Census
We often want to find information about a particular group of individuals (people, fields, trees, bottles of beer or some other collection of items). This target group is called the population.
When measurements are made from every item in the target population, the collected data are called a census.
Sampling from the population
A census is often not feasible:
Fortunately, we can often obtain sufficiently accurate information by only measuring a selection of units from the population.
Data from a subset of the population is called a sample.
Simple random sample
The simplest way to select a representative sample from a population is called a simple random sample. In this, each unit has the same chance of being selected and some random mechanism (e.g. tossing a coin, rolling a die or a computer-based method) is used to determine whether any particular unit is included in the sample.
Although there is some inaccuracy when a sample is used instead of the whole population, the savings in cost and time often outweigh this.

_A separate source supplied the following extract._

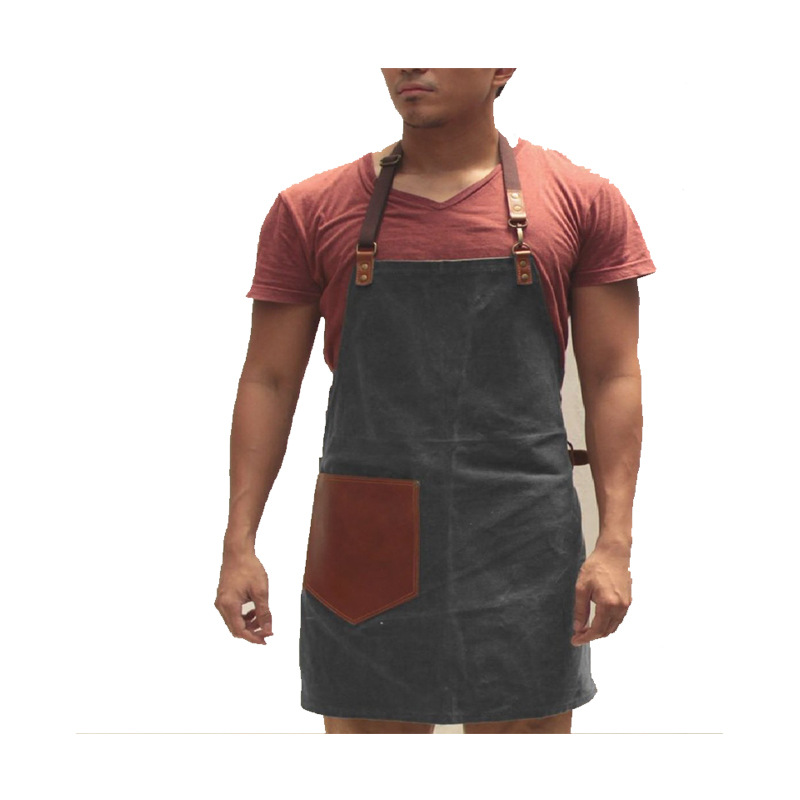 来样开发韩版帆布男女手工围裙美术美容绘画咖啡店牛仔围裙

Sampling from a population of values
When only a single measurement is made from each individual, it is convenient to define the population and sample to be sets of values (rather than people or other items). This abstraction — a population of values and a corresponding sample of values — can be applied to a wide range of applications.

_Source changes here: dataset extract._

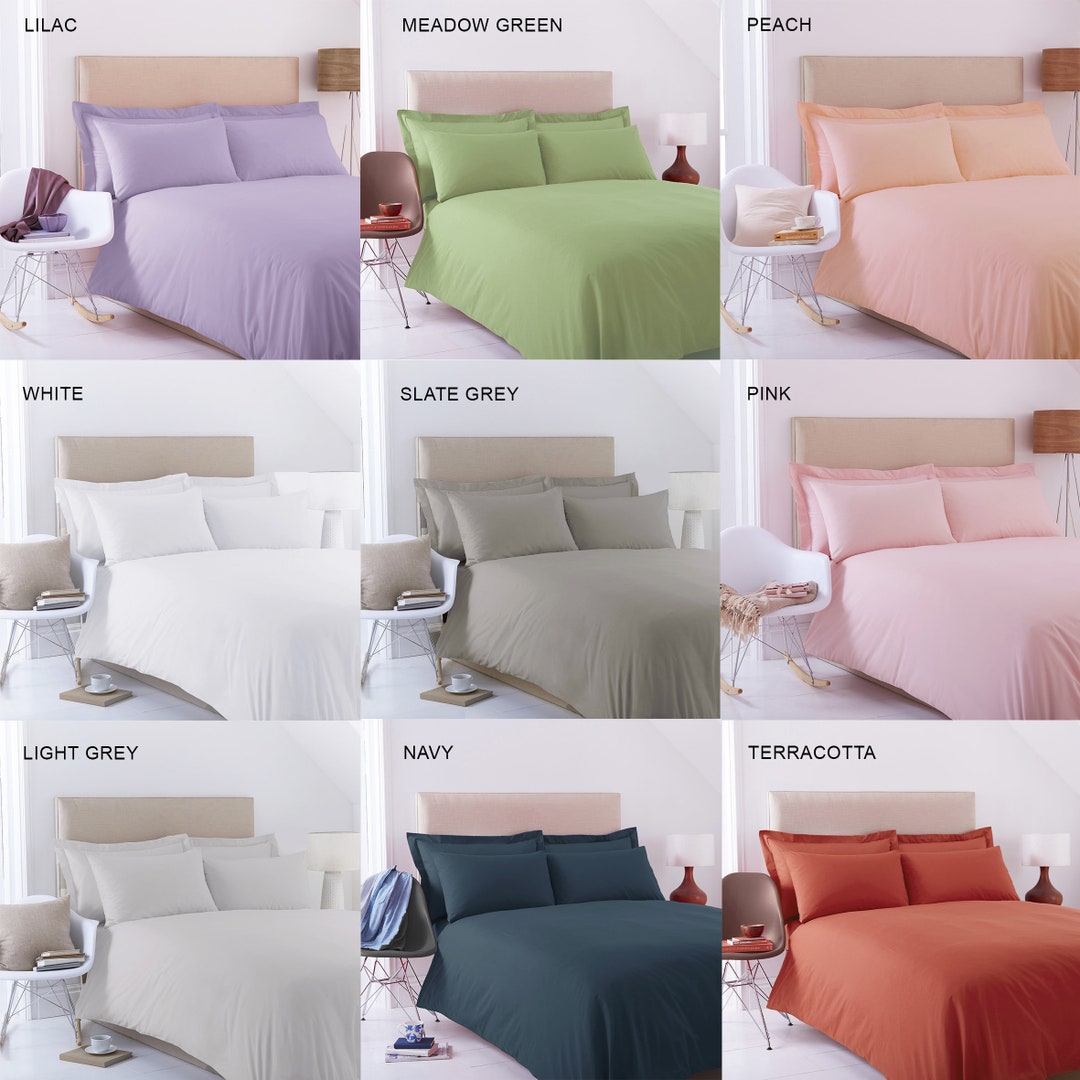 Buy 9 Colour Luxury High Thread Count Duvet Set With Combed Cotton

In the remainder of this chapter, we examine the consequences of sampling from populations of numerical and categorical values.
Sampling people
The diagram below illustrates the sampling process with a population of 56 people.

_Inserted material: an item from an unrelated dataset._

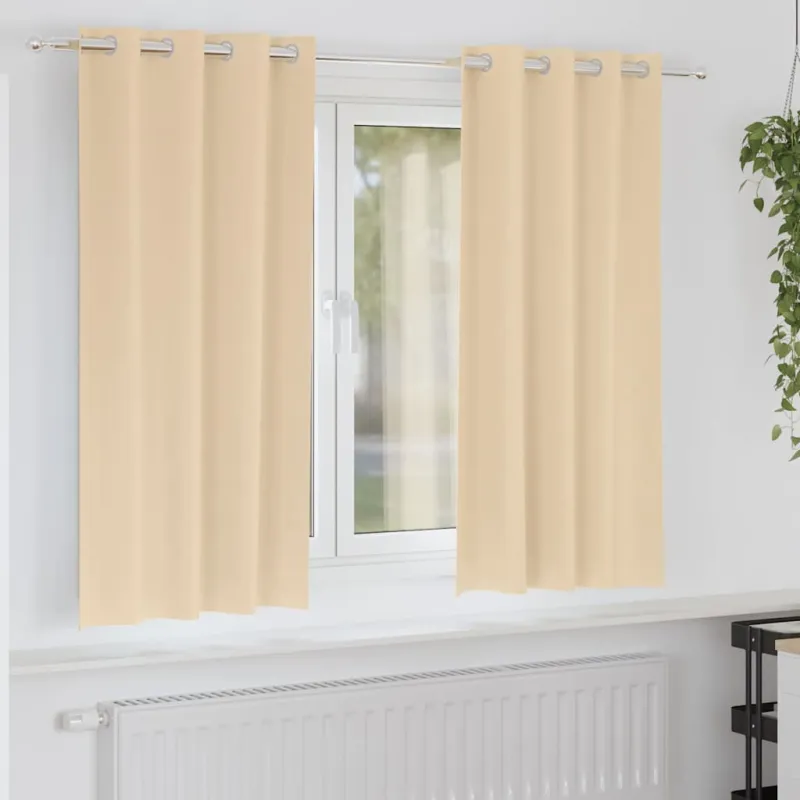 Užuolaidos su žiedais, blokuojančios šviesą 2 pcs Kreminė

Click the button Take sample to randomly select 15 of these people. Repeat a few times to observe the variability in the units sampled.
Although there are many differences between the individuals, we are often only interested in one. Click the checkbox Only show Gender to concentrate on this aspect of the individuals; the population is a set of categorical values (Male or Female) and the sample is similarly categorical.
Similar categorical populations and samples would arise if we were interested in whether the people were married, intended to vote for a particular candidate or were unemployed.
Sampling apples
The diagram below respresents the 120 apples that one fruit-picker collected from an orchard in an hour. The apples have a variety of shapes and sizes (represented by different colours in the diagram), and some are bruised or blemished (marked with a cross).
Click the button Take sample to randomly select 17 apples.
Click Only show Apple condition to concentrate on whether the apples are damaged. As with the previous example, this reduces the problem to random sampling from a population of categorical values (Bruised or OK).